Find Me Guilty
United States, 2006
U.S. Release Date:
R (Profanity, Violence, Sexual Situations)
Theatrical Aspect Ratio:
Vin Diesel, Linus Roache, Ron Silver, Peter Dinklage, Alex Rocco, Annabella Sciorra, Aleska Palladino
Sidney Lumet and T.J. Mancini & Robert J. McCrea
Vin Diesel as a Joisey mobster? As improbable as it might sound, Diesel offers a credible turn as Giacomo 'Jackie D' DiNorscio, one of about 20 members of the Lucchese crime family to go on trial for violation of the RICO (Racketeering Influenced and Corrupt Organization) Act. Despite being saddled with bad prosthetics and a ridiculous wig, Diesel displays more acting ability than in the testosterone-soaked genre where he has carved out a niche. Find Me Guilty requires him to do drama and comedy without the benefit of an action net, and his slip-ups are few and minor.

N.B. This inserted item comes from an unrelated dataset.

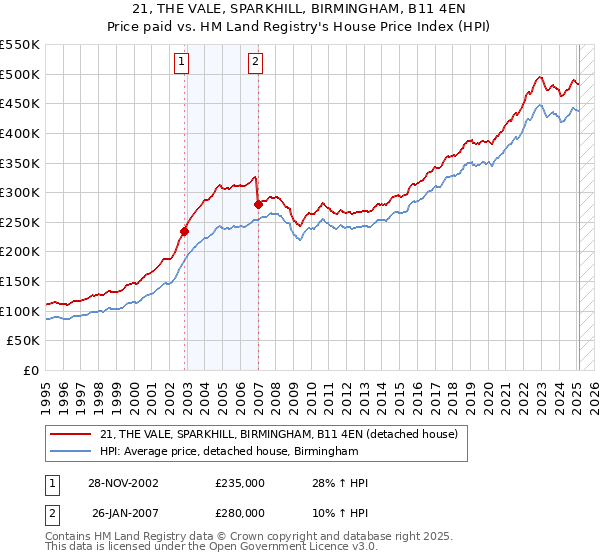 21, THE VALE, SPARKHILL, BIRMINGHAM, B11 4EN: Price paid vs HM Land Registry's House Price Index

As director Sidney Lumet proved with The Verdict, he can be at home in the hallowed halls of justice, and Find Me Guilty is a courtroom procedural. There's some comedy mixed in - the real Jackie D's stint as his own lawyer often resembled a stand-up act - but this is basically what you would expect from a solidly made account of an infamous mob trial. Lumet and his co-screenwriters have culled large chunks of dialogue from the actual transcripts, disallowing the possibility of the film to venturing too far from the facts. But there's a crucial difference between Find Me Guilty and the traditional courtroom drama. Typically, this kind of story is about an guiltless man trying to prove his innocence. Here, it's about a guilty man trying to bamboozle a jury.
The trial takes place over a 21-month period between early 1987 and late 1988. Each mobster has his own lawyer except Jackie, who decided to defend himself - against the advice of the lead defense counsel, Ben Klandis (Peter Dinklage) and the judge (Ron Silver). Jackie D's lack of respectability earns him a $10,000 fine and the contempt of mob boss Nick Calabrese (Alex Rocco), but endears him to the jury. And, when circumstances demand it, he can turn serious. Jackie, who is serving a 30-year sentence for drug possession, refuses an offer from D.A. Sean Kierney (Linus Roache) to get out sooner in return for his testimony. For Jackie, nothing is worse than ratting on his family, and it's something he won't do, even when members of that "family" (like Nick) turn against him. (Jackie was released from prison on parole a few years ago, then died while this movie was in production.)
There are times when Find Me Guilty plays more like My Cousin Vinny than The Verdict. (Ironically, Diesel accepted the role after Joe Pesci turned it down) There's plenty of humor to be found here. Yet, at its heart, this is a drama, and the often light tone belies the dark currents churning beneath the straightforward plot. Find Me Guilty illustrates the collapse of the American judicial system, and those failings are fueled not by corruption or bribery, but by prosecutorial incompetence and defense guile. Compared to this, the O.J. Simpson trial, which would become compulsive viewing half a decade later, was a model of decorum.
The director has surrounded his big-name star with a stellar supporting cast. Dinklage, Silver, and Roache stand out, and each is given scenes in which they are allowed to display their acting chops. Craggy-faced Alex Rocco is perfect as the sour Nick Calabrese. It's not hard to understand why Rocco has been stereotyped into this kind of part. And Annabella Sciorra leaves an impression as Jackie's ex-wife, despite appearing in only one scene.
Lumet's approach to the subject is bare-bones. Roughly 75% of the scenes take place in the courtroom. Shots are composed in a straightforward manner and camera angles are basic. The film avoids over-editing and unnecessary close-ups. This is the best methodology the director could have employed, since it allows his talented cast and solid script to remain unencumbered by technical flourishes. Find Me Guilty is not the best work Lumet has done, but it's worthwhile viewing for anyone who likes gangsters, courtrooms, and what happens when the two are brought together.